1. Field of Invention
This invention relates to a solids mixing, storage and conveying, and, in particular to an improved static mixer, hopper and conveyor to introduce a continuous flow of granular material such as polycrystalline silicon into a high temperature furnace for the production of single crystal ingots.
2. Brief Statement of the Prior Art
Single crystal silicon is the basic substrate used for virtually all semiconductor devices. Other single crystal materials which are also finding applications in semiconductor devices are Periodic Table Group III elements, particularly in combination with Group VI and Group V elements, e.g., germanium and gallium arsenide. These materials are synthetically produced in a purified and perfect, single crystal state. The method traditionally used for such production has been the Czochralski method. In the Czochralski method, polycrystalline material, such as silicon, is melted and maintained in a molten state in a quartz crucible. The quartz crucible is mounted in a heated furnace, usually supported by a graphite cup. A seed crystal of silicon is dipped in the molten silicon and is slowly withdrawn, forming a cylindrical boule of single crystal silicon. The boule and crucible are rotated counter-rotationally to promote uniformity of silicon properties and distribution of impurities and dopant additives within the silicon.

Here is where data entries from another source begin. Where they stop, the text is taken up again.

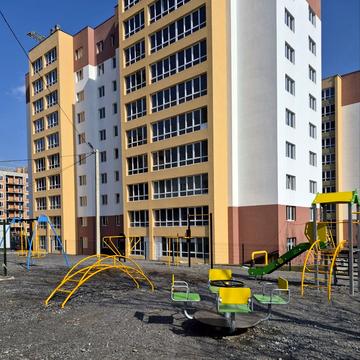 Озерна вул., 6/2а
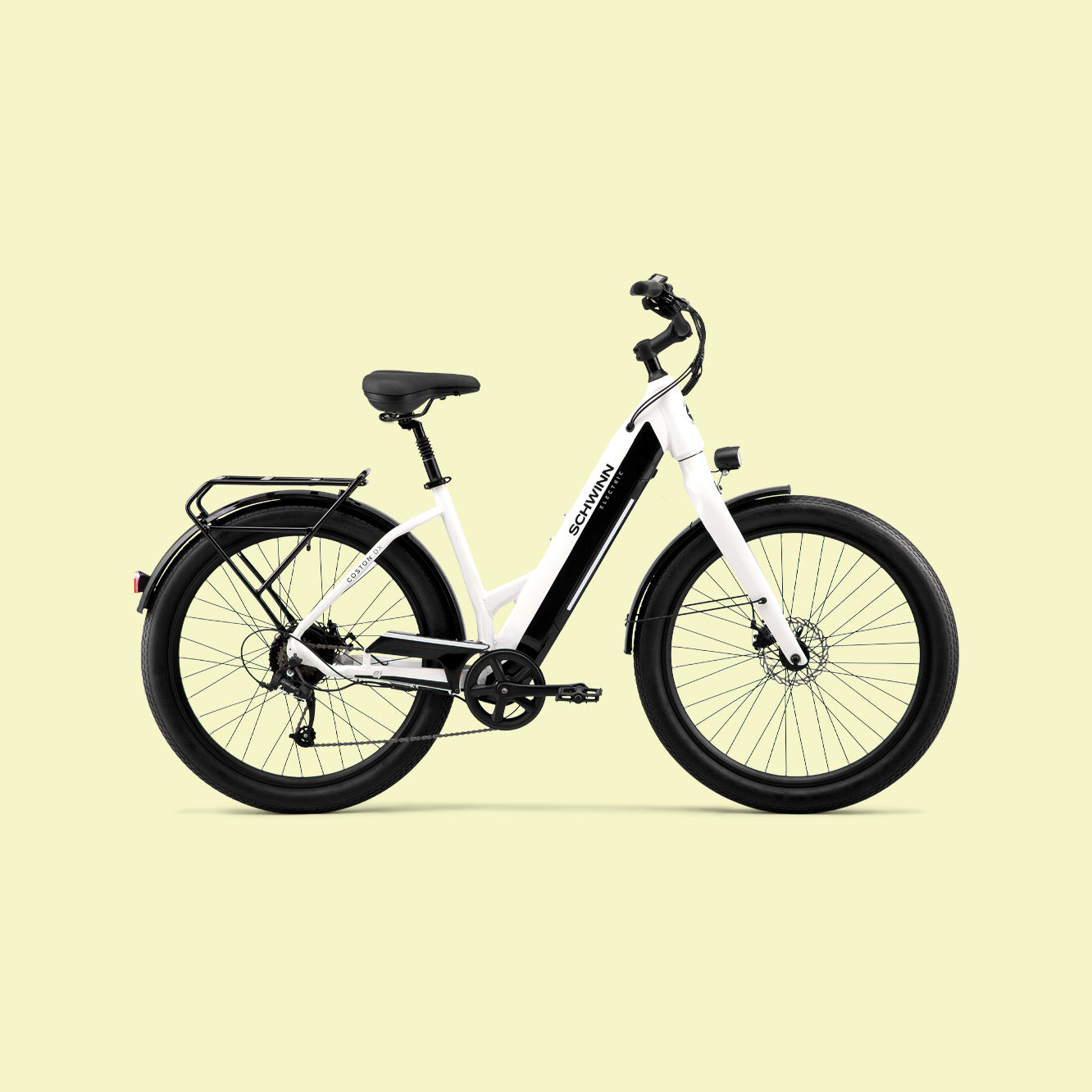 Electric bike store assembly near me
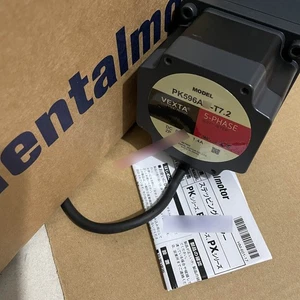 1 PIEZA NUEVO EN CAJA VEXTA Oriental motor PK596AE-T7.2 ENVÍO GRATUITO #XR - Imagen 1 de 2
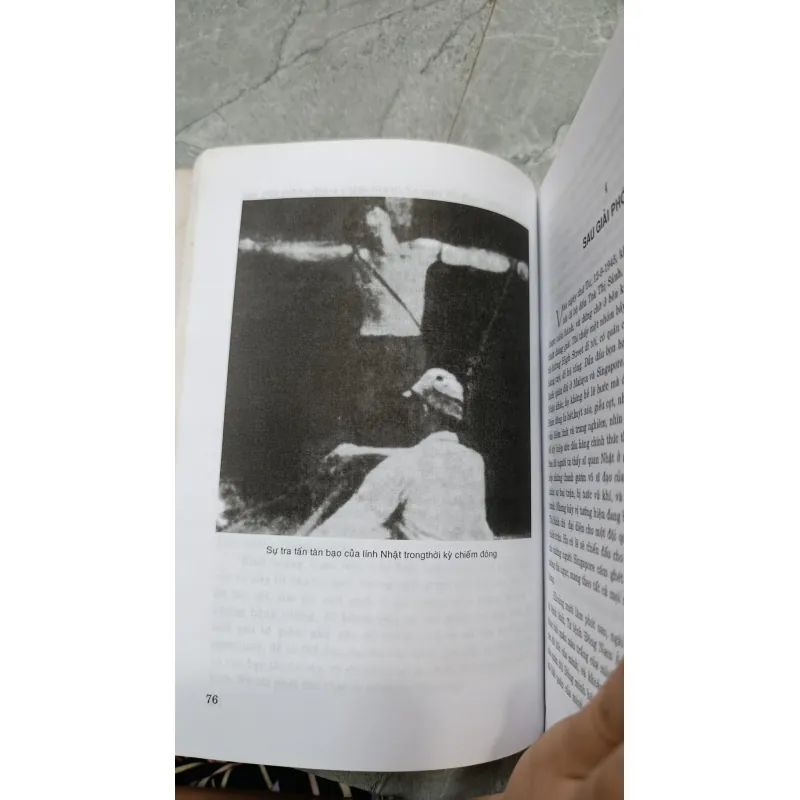 HỒI KÝ LÝ QUANG DIỆU - PHẠM VIÊM PHƯƠNG 738794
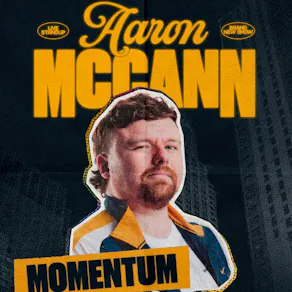 Aaron McCann - Momentum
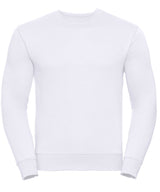 Russell Athletic Set-in sleeve sweatshirt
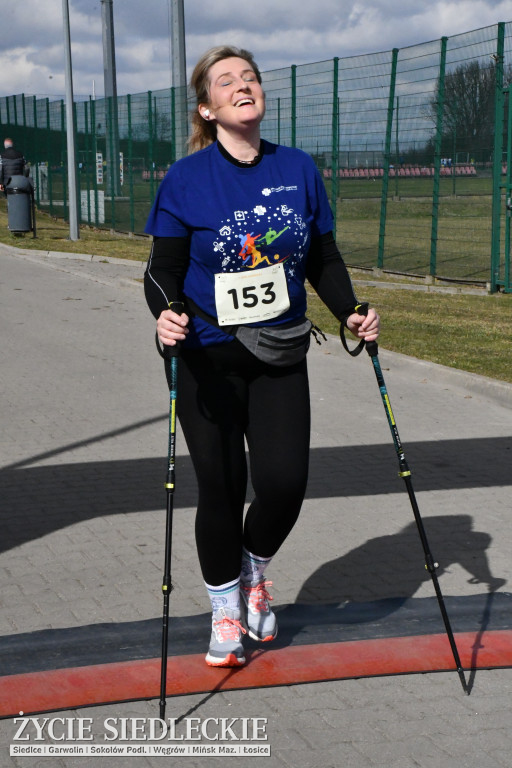 Bieg Ogińskiej Siedlce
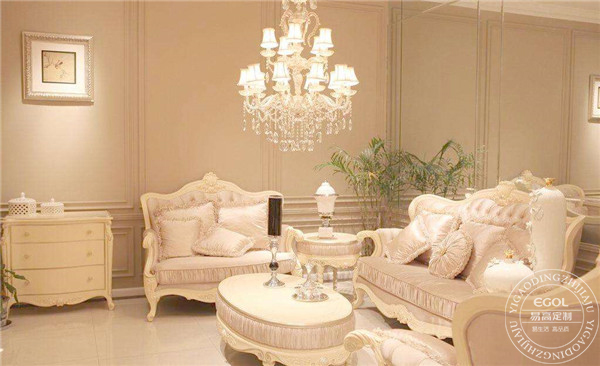 歐式風(fēng)格家具有哪些特點？
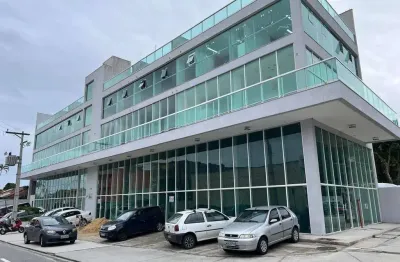 Sala para alugar por r$ 2.300/mês - piratininga - niterói/rj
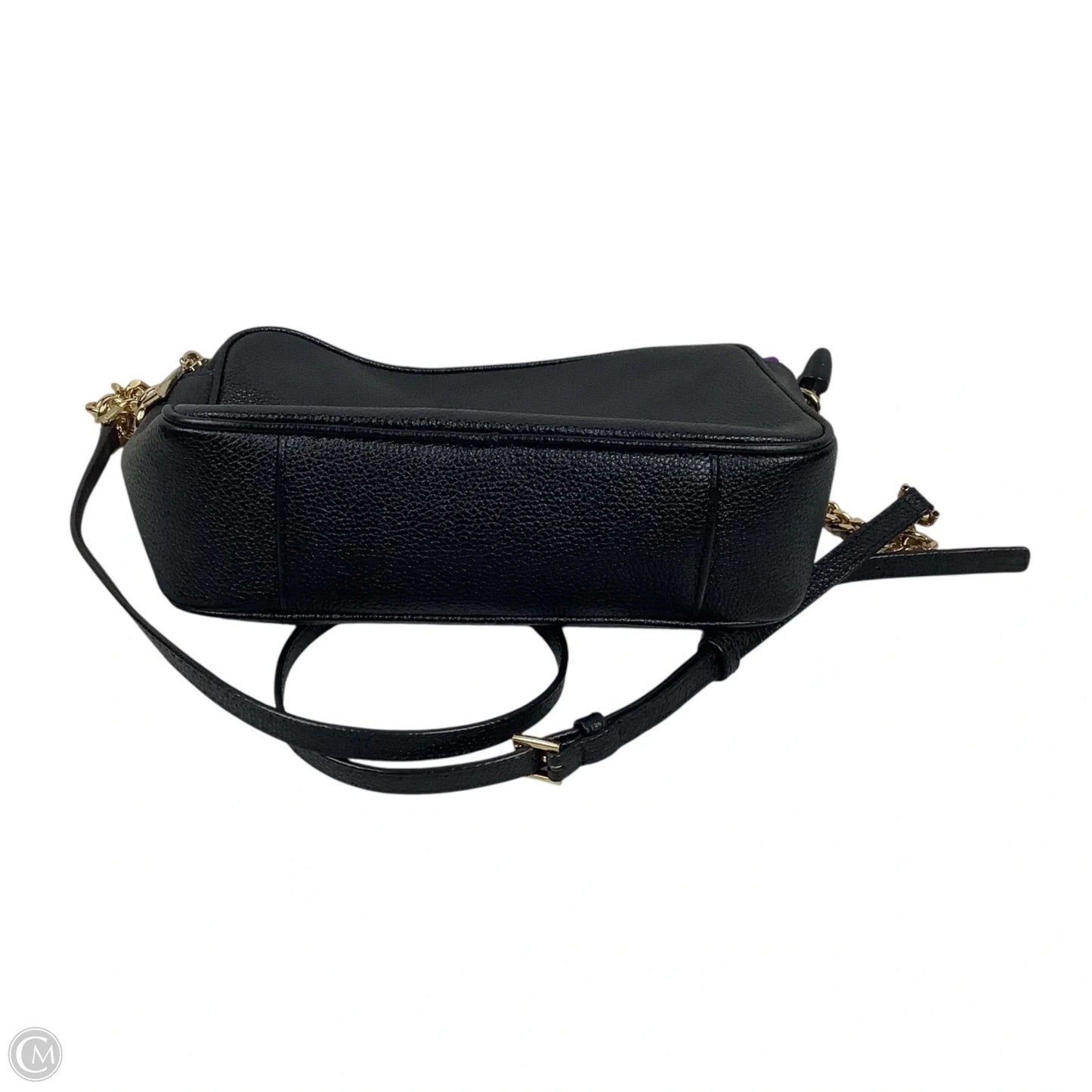 Crossbody Designer By Michael Kors, Size: Small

The Czochralski process is conducted batch-wise and inherent limitations of batch-wise processing cause, or promote, variations in properties and composition of the silicon boule. Dopants such as phosphorus or boron are usually added to the silicon melt to impart desirable semiconductor properties to the silicon wafers which are sliced from the cylindrical silicon boule. The dopants tend to concentrate in the molten pool as the pool is deplenished by the forming of the boule. Additionally, oxygen is introduced into the molten pool from reaction of the silicon melt with the surfaces of the quartz crucible. As the level of the molten pool decreases during the batch processing the wetted surface area decreases, resulting in a continuous decrease in oxygen concentration in the melt.
These and related inherent limitations in the Czochralski process have led to the improved processes which are described in U.S. Pat. No. 4,659,421 and 5,314,667. In these improved processes, a shallow molten pool of silicon is maintained in a crucible to reduce the variation of dopant and oxygen contents in the cylindrical boule withdrawn from the pool. Polycrystalline silicon is continuously introduced into a silicon replenishment zone which is separated from the crystal growth zone, where the boule is formed. In the U.S. Pat. No. 5,314,667 patent, the replenishment zone is an annular zone surrounding the central crystal-growth zone.
Silicon is continuous introduced into the furnaces of these improved process; in the U.S. Pat. No. 4,659,421 patent, the silicon is supplied as a solid rod to stir the molten silicon pool, while in the U.S. Pat. No. 5,314,667 patent, granular silicon is introduced into the replenishment zone.
It is also difficult to introduce granular material into a high temperature furnace at closely controlled feed rates, as required to avoid upsetting the process conditions within the furnace. A common problem with all silicon crystal growth furnaces is the difficulty of obtaining intimate distribution of the minor quantities of dopant throughout the polycrystalline silicon supplied to the furnace so that variations in dopant concentration are avoided in the single crystal boule.